Per molte applicazioni non serve dare accesso a tutte le foto. Se devi caricare una singola immagine, modificare una foto o inviare un allegato, spesso basta selezionare solo ciò che vuoi condividere.

È una piccola differenza, ma importante: l’app vede solo quello che decidi tu, non tutta la tua galleria.

Occhio ai puntini verde e arancione

iPhone mostra due indicatori molto utili:

  • il puntino verde indica l’uso della fotocamera;
  • il puntino arancione indica l’uso del microfono.

Non significa automaticamente che ci sia qualcosa di strano. Se stai facendo una chiamata, registrando un audio o usando la fotocamera, è normale.

Però è un buon promemoria: in quel momento qualcosa sta accedendo a microfono o fotocamera.

Se vedi uno di questi indicatori quando non te lo aspetti, vale la pena controllare quale app lo sta usando.


La regola semplice

Non serve diventare paranoici e non serve trasformare ogni app in una minaccia.

Basta fare un controllo ogni tanto.

Ogni due o tre mesi puoi aprire le impostazioni privacy e verificare:

  • quali app hanno accesso alla posizione;
  • quali possono usare microfono e fotocamera;
  • quali hanno accesso alle foto;
  • quali app non usi più e puoi eliminare.

L’obiettivo non è bloccare tutto. L’obiettivo è lasciare attivo solo quello che serve davvero.

Conclusione

L’iPhone è un dispositivo sicuro, ma non fa tutto da solo.
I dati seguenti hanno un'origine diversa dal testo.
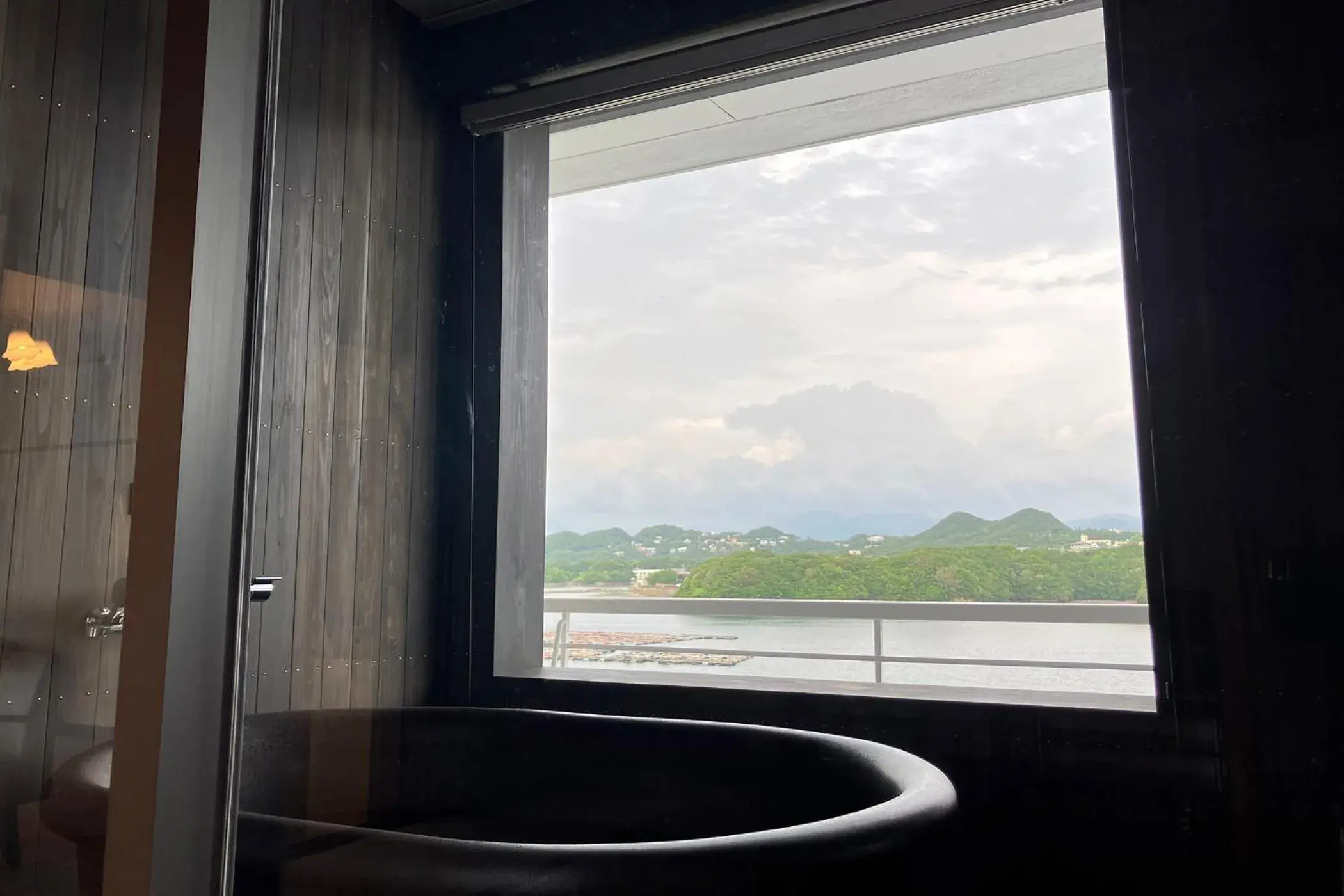 Photo of the whole room in Ooedo Onsen Monogatari Premium Shirahama Saichoraku Photo of the whole room in Ooedo Onsen Monogatari Premium Shirahama Saichoraku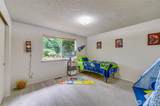 15323 103rd Avenue Ct - Photo 22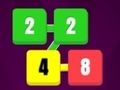 遊戲2248 數字謎題 在線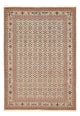 Perserteppich - Täbriz - Royal - 288 x 198 cm - sand
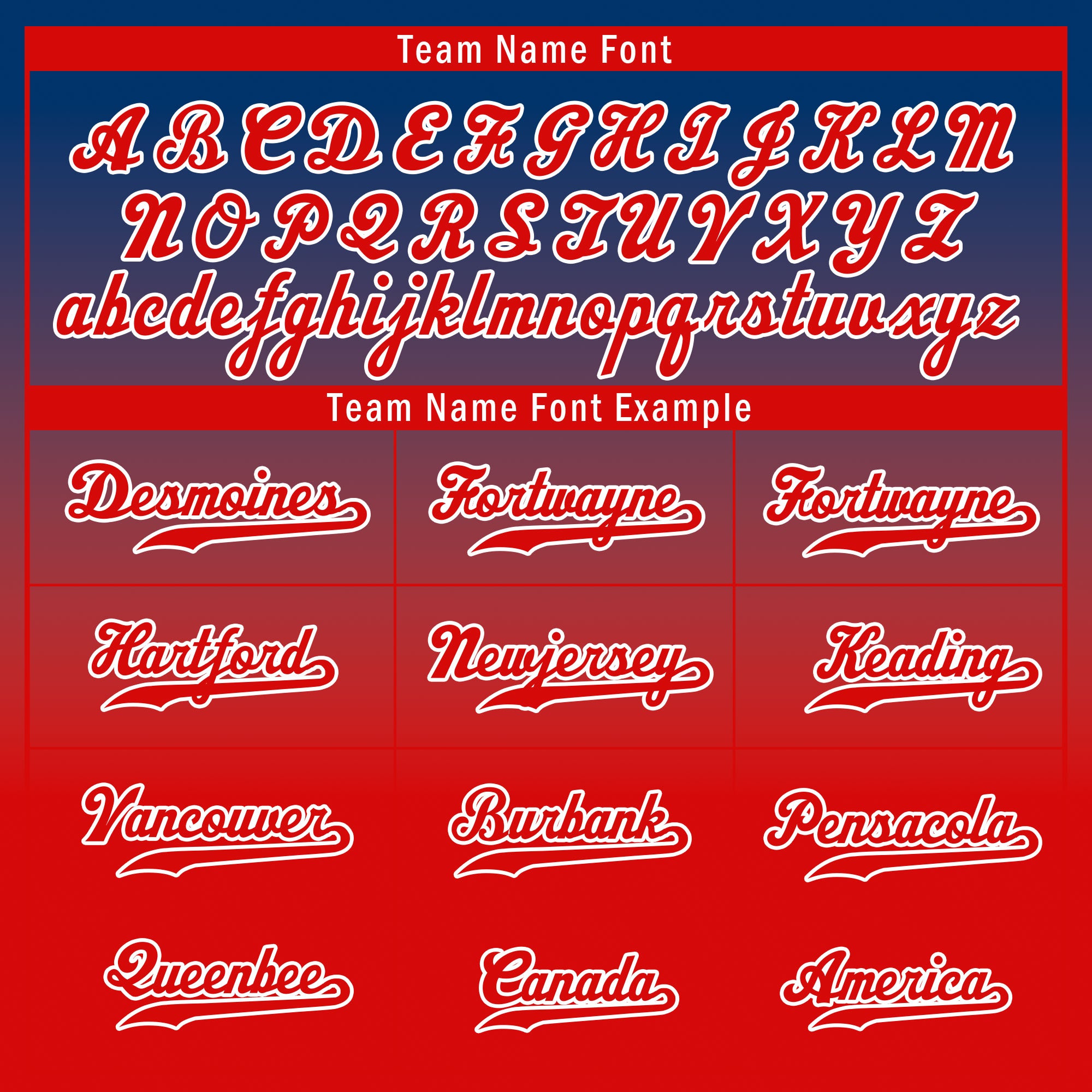 007 eb5a41b5 2a47 4789 85bc 7734ffe9dde6 007 eb5a41b5 2a47 4789 85bc 7734ffe9dde6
La privacy non si gestisce in automatico, soprattutto quando siamo noi i primi a premere “Consenti” senza pensarci troppo.

La buona notizia è che sistemare i permessi richiede davvero poco tempo. Due minuti nelle impostazioni possono bastare per ridurre autorizzazioni inutili, eliminare accessi dimenticati e riprendere un po’ di controllo.

La prossima volta che installi un’app, quindi, fermati un secondo prima di premere “Consenti”.

Non devi diventare un esperto di sicurezza.
Devi solo evitare di regalare permessi a caso.